Vendredi dernier, le chef d’état-major des armées françaises déclarait que la Russie considérait désormais la France comme son principal rival sur le continent européen. En réaction à cette déclaration, Emmanuel Macron a pris la parole dimanche pour annoncer une intensification de l’ »effort de guerre », appelant les parlementaires à assumer pleinement leur rôle et leurs responsabilités dans ce contexte de tension accrue.
Lors de son adresse aux forces armées dimanche 13 juillet, Emmanuel Macron a revêtu son rôle de commandant en chef pour détailler ses intentions concernant le financement de ce qu’il qualifie d’« effort de guerre ». Il a notamment proposé de doubler le budget de la défense sur une période de dix ans, en le faisant passer de 32 milliards d’euros en 2017 à « 64 milliards d’euros en 2027 ».
Pour éviter tout coup de théâtre, la présidence avait soigneusement préparé le terrain auprès des médias dans les jours précédant ce discours.

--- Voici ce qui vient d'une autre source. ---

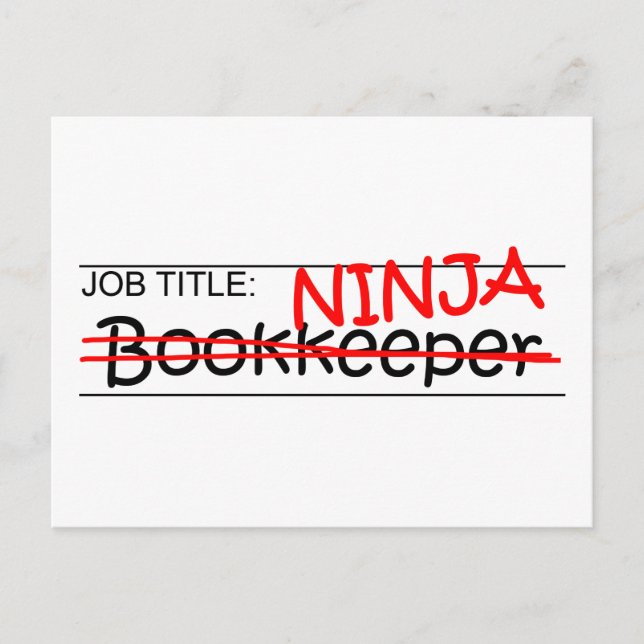 Carte Postale Job Title Ninja Bookkeeper (Devant)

Le général Thierry Burkhard, chef d’état-major des armées, avait lui-même amorcé cette anticipation dès le vendredi 11 juillet, en rappelant que Moscou considérait ouvertement la France comme « son principal adversaire en Europe ». De son côté, Sébastien Lecornu, ministre des Armées, s’était exprimé dans La Tribune Dimanche, quelques heures avant l’allocution solennelle et grave prononcée par Emmanuel Macron depuis les jardins de l’hôtel de Brienne.

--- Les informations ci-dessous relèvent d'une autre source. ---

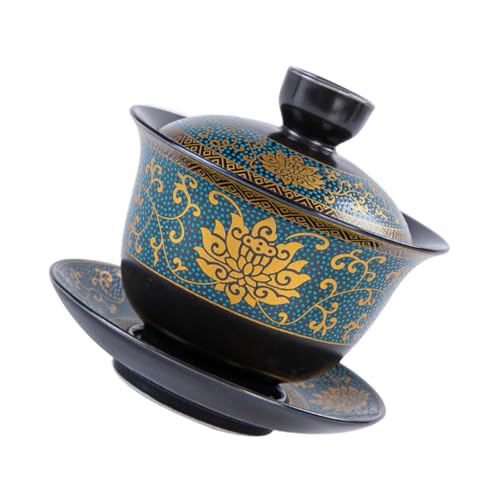CIYODO Taza de Té Sopera de Cerámica Clásica con Tapa y Bandeja Diseño Vintage Delicado Tradicional y Artesanal para Experiencia Relajante CIYODO Taza de Té Sopera de Cerámica Clásica con Tapa y Bandeja Diseño Vintage Delicado Tradicional y Artesanal para Experiencia Relajante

Les nouveaux champs de bataille
Si la « menace russe existentielle » figure en tête des raisons invoquées par le chef des Armées pour justifier ce renforcement financier conséquent, il n’en est pas la seule motivation. Emmanuel Macron évoque également les formes inédites de conflits qui se multiplient et auxquelles la France doit désormais faire face : il mentionne notamment l’intelligence artificielle, l’emploi accru des drones, ainsi que l’émergence de nouveaux terrains d’affrontement dans l’espace extra-atmosphérique, le cyberespace ou encore les profondeurs sous-marines.

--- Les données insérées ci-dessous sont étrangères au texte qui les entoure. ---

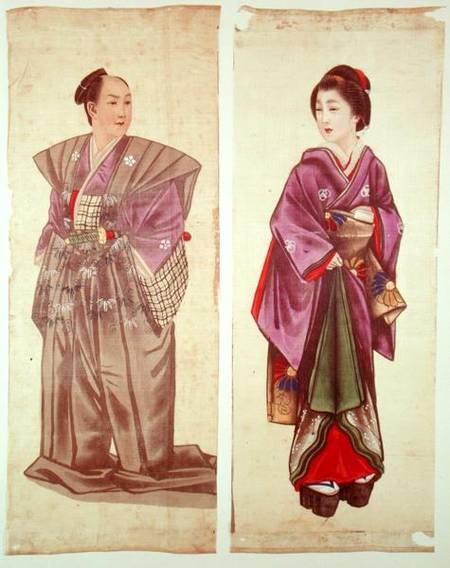 Two Japanese Figures van Japanese School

Le président de la République n’hésite pas à emprunter un vocabulaire guerrier afin d’entretenir une certaine crainte : « Pour conserver notre liberté dans ce monde, il faut inspirer la crainte. Pour inspirer la crainte, il faut être puissants », déclare-t-il. Il poursuit en assénant : « Chacun doit être à son poste de combat » et « à l’heure des prédateurs, personne ne peut rester immobile ».
Cette posture permet à Emmanuel Macron de renouer avec son image de chef de guerre sur la scène nationale tout en s’affirmant à l’international comme un leader de premier plan pour l’Europe. Cependant, en dépit de contraintes budgétaires évidentes, rien n’est encore acquis politiquement, car c’est le Parlement qui devra entériner ces dépenses supplémentaires. Sans majorité absolue, le camp macroniste devra donc déployer des efforts pour rallier des soutiens.
Une ouverture au consensus à l’Assemblée nationale
Il reste incertain que la défense constitue un de ces rares dossiers susceptibles de mobiliser un large consensus à l’Assemblée nationale. Néanmoins, cette question peut fédérer autour d’elle une majorité capable d’approuver des crédits additionnels, avec des soutiens allant du Parti Socialiste au Rassemblement National. C’est dans cette optique qu’Emmanuel Macron a lancé un appel ferme et direct à la responsabilité des parlementaires.
Il faudra cependant persévérer dans la démarche de persuasion, en sachant d’avance que cela semble peine perdue auprès des élus d’extrême gauche. Dès le dimanche soir, La France Insoumise, par la voix d’Éric Coquerel, président de la commission des finances, condamnait le discours « extrêmement belliciste » du président et dénonçait « une course à l’armement au détriment de la lutte contre le changement climatique ».